New Zealand Shooting Live Updates: ‘There Will Be Changes’ to Gun Laws, Prime Minister Says – The New York Times
Gun regulations under review
Ms. Ardern said that her government would discuss the New Zealand’s gun laws at a meeting on Monday.
“There will be changes to our gun laws,” she said at an afternoon news conference.
She also said she would look into reports that there had been a surge in gun sales in New Zealand since the attack on Friday.
The shooting has vaulted New Zealand into what could be a divisive political battle over gun control in the country, where an extraordinary number of people own weapons, with few restrictions.
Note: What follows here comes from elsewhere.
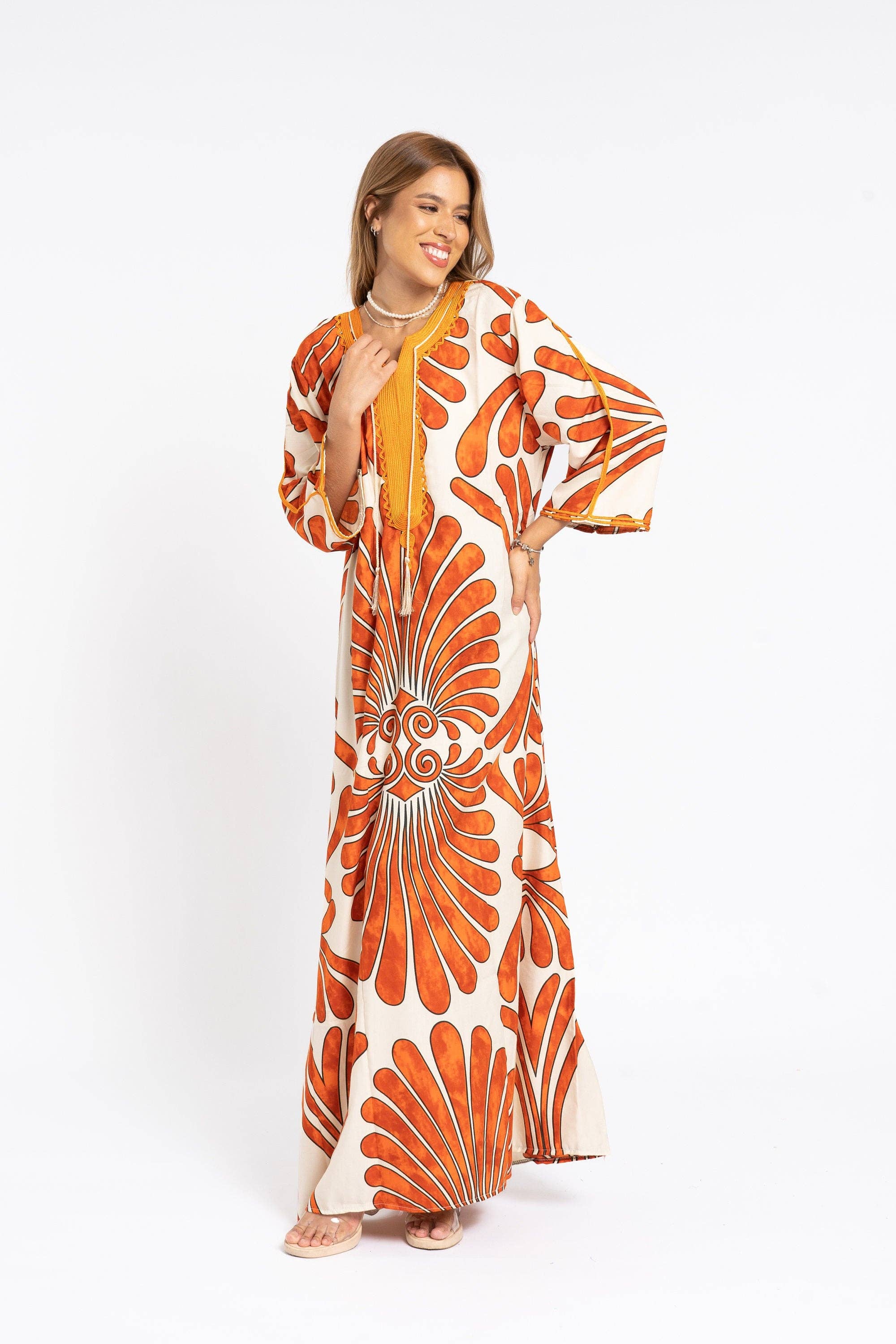 Gipci – wholesale Kaftan - Dam – Chic orange sommarkaftan för kvinnor, kaftaner, kaftaner för kvinnor, boho kaftanklänning, kaftaner för kvinnor, sommarkaftaner, kvinnor2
The authorities say the suspect in the assault used five guns he had acquired legally, including two semiautomatic assault weapons.
Within hours of the Friday killings, the prime minister promised changes to gun laws and said regulations of semiautomatic weapons were “one of the issues.” New Zealand’s attorney general, David Parker, appeared to go beyond that statement at a vigil for the victims on Saturday, indicating that semiautomatic weapons would be banned, but he later backtracked. Mr. Parker told Radio New Zealand that had been trying to reflect Ms. Ardern’s comments that “we need to ban some semiautomatics, perhaps all of them.”
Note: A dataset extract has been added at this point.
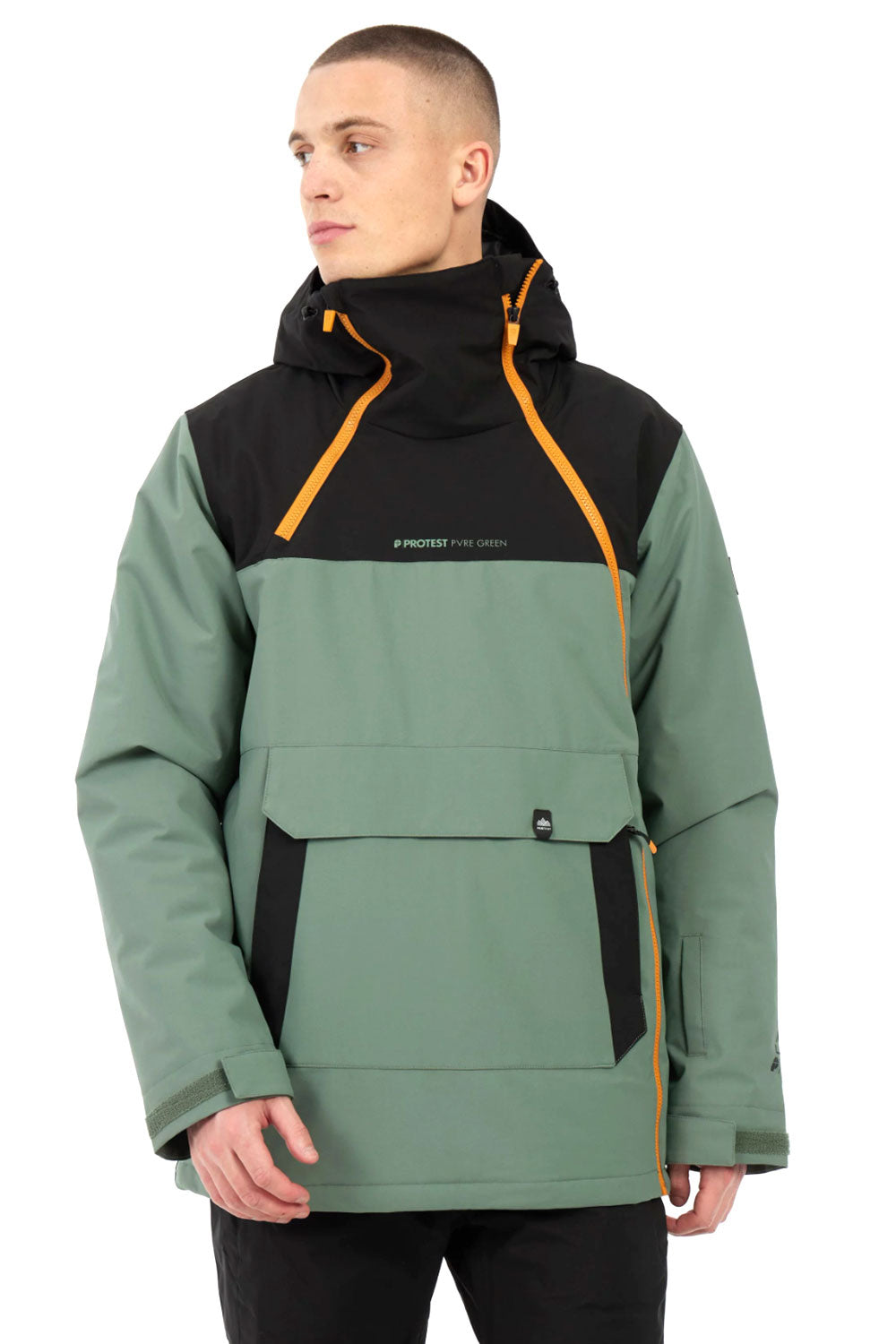 Man wearing a green and black jacket with orange accents on a white background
“Those decisions have yet to be taken, but the prime minister has signaled that we are going to look at that issue,” Mr. Parker told the broadcaster.
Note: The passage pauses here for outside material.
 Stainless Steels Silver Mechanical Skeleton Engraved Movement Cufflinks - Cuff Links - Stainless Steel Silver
Licensed New Zealand gun owners pushed back. The Kiwi Gun Blog, a gun-rights online publication, said that among the mosque shooter’s goals, one was “to cause the gun rights of responsible New Zealanders to be attacked.” It said “our prime minister is now capitulating with him.”
There is no dispute that acquiring a military-style semiautomatic weapon is relatively easy in New Zealand, where guns are plentiful. According to a 2017 small arms survey, there are more than 1.2 million firearms among the population of 4.6 million.